What does this abundance mean? For the researcher it is a bonanza. Projects that had to be put off until travel funds became available are now immediately feasible. Keyword searches reduce the time required to locate relevant materials. The “Find” feature on browsers makes it easier to use those texts. Historians are not about to stop visiting archives or libraries, but more and more of those visits are virtual.
The meaning of the new abundance for teaching and learning history is more complex. We are only beginning to think through how to make use of it. And pitfalls are already apparent.

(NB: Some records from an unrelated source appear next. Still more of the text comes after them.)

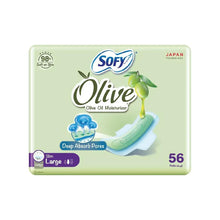 Sanitary pad pack, slim large with wings, olive design, 56-count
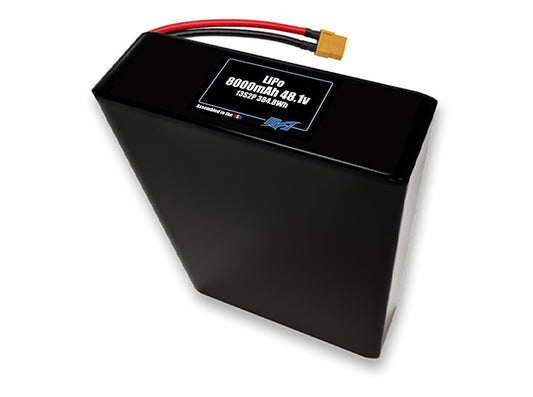 Compact 48.1-volt 8000mAh lithium-polymer battery, built for lightweight drone, UAV, and robotics projects.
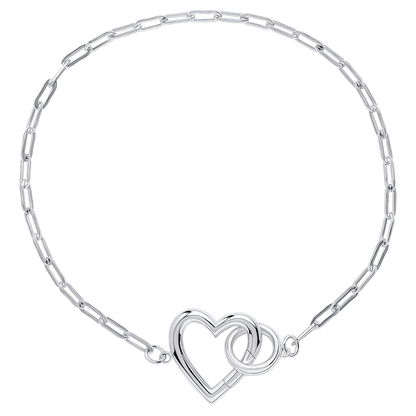 Silver necklace with a heart and interlocking ring design on a white background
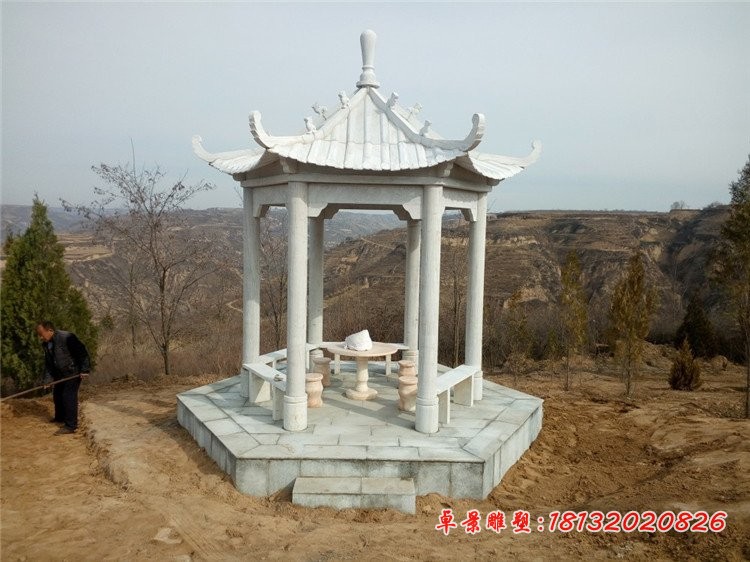 六角亭子，公园景观石雕 (2)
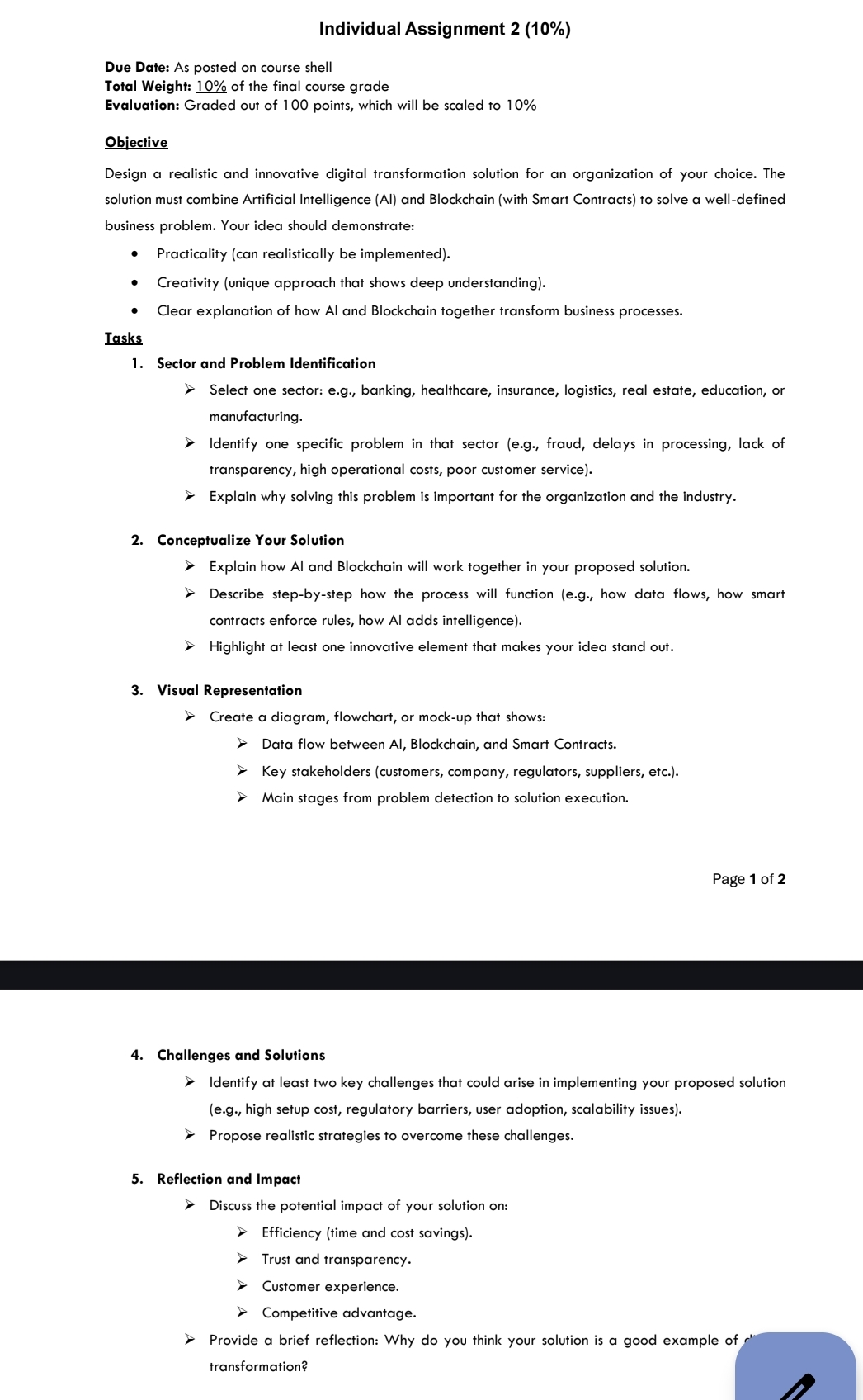 Solved Individual Assignment 2 (10%)Due Date: As posted on | Chegg.com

One immediate consequence, and not necessarily one to inspire rejoicing, is that our students now routinely turn to Google™ and other search engines when they need to discover the answers to such questions as when did Leonardo paint “The Last Supper”? On August 31, 2004, Google™ returned over 45,800 links. On September 27, 2004, Google™ found over 1,730,000 links in .34 seconds for “abraham lincoln.” A week earlier there had been 1,450,000. More than a quarter of a million new Lincoln pages appeared in seven days! When students used to thumb through card catalogues and pick the first title that came to hand, there was the assurance that someone with professional training, a faculty member or a librarian, had recommended that work. On the web there is no scholarly filter. Search engines usually rank sites in terms of the number of hits they receive. The most popular need not be the best. The Abraham Lincoln Research Site came up second in both my Lincoln searches. Its opening words are:
I am not an author or an historian; rather I am a former American history teacher who enjoys researching Abraham Lincoln’s life and accomplishments. If you have a specific Lincoln question that you would like me to research for you, please e-mail me using the link near the bottom of the page. I cannot answer broad questions, only very specific ones. I will try to find the answer and get back to you as soon as I possibly can.

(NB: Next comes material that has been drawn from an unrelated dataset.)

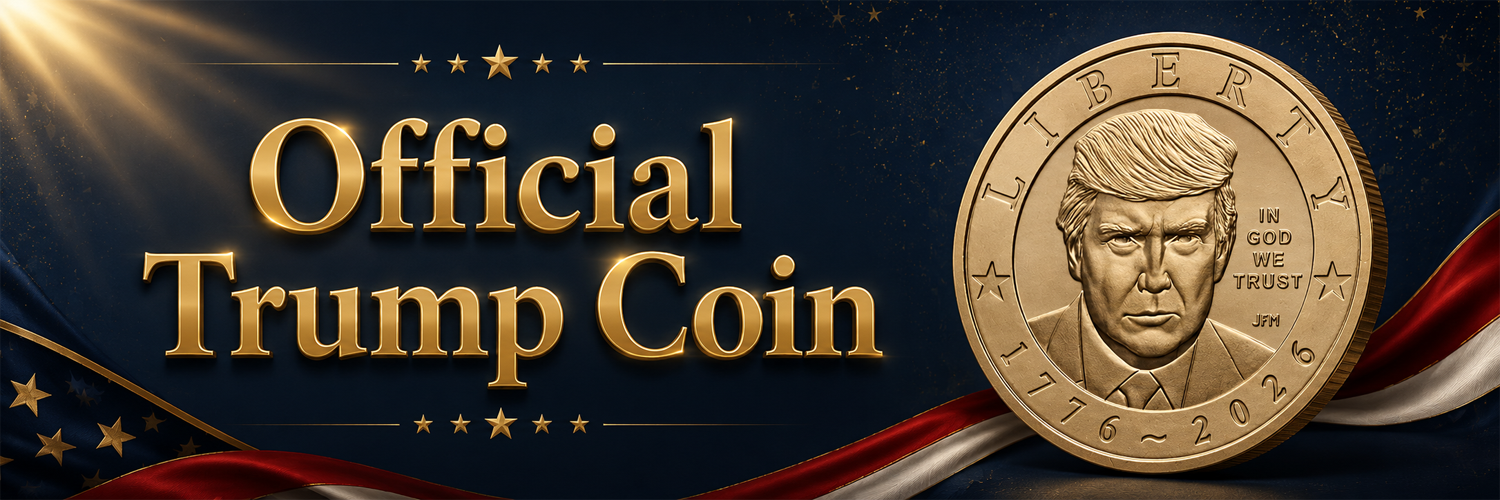 Official Trump Coin — gold commemorative coin with American flag on navy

It is no surprise this is a popular site, especially, we may assume, with students pursuing term projects. And the developer of this site plays by the rules. He immediately informs the visitor who he is and what his qualifications are. Many web authors do not. Even when they do, the architecture of the web can get in the way of the user ever finding their identity. If I had searched for “lincoln assassination,” I would have found a link to the same site, but not to its home page. Clicking would bring me to an assassination page several layers below. I could find the home page, if I took the trouble to look for a link to it on the assassination page or if I played with the URL. We might do this. Most students will not. As a result, all of us have to develop sufficient expertise in evaluating web sites so that we can provide our students with some rules of thumb. This is only one instance of what is one of the major consequences of the Internet. Students are, in the words of Randy Bass, director of Project Crossroads for the American Studies Association at Georgetown University, “novices in the archives.” But there are no virtual archivists, curators, or reference librarians. We have to fill that gap. Most of us are also novices, however, when it comes to most genres of historical sources. The very abundance found online turns this simple fact into a serious pedagogical challenge. Whether we choose to introduce various materials into our courses or not, students can and will find them. We may not make much use of music, for example, and for the good and previously sufficient reason that we do not know much about it. But one or more of the students in our Twentieth-century U.S. courses will find the Red Hot Jazz Archive with its thousands of audio files of recordings from the 1920s and 1930s. We may not know much about fashion either. Or material culture. Or film. The point is clear. Our courses necessarily delve into areas where we have no particular expertise. This has always been true for anyone who teaches a survey course. But we used to have almost complete control over what those areas would be and we could bone up before class meetings. That is changing.
So is the type of knowledge we need to acquire. We still need to master content on the order of: “Who, besides Armstrong and Ellington, were the most important early jazz musicians and composers?” But we also have to serve as curators over collections we did not create. If students are going to use popular culture materials, and they are, irrespective of our preference in the matter, then we have to show them how to do so. This is a direct outcome of abundance.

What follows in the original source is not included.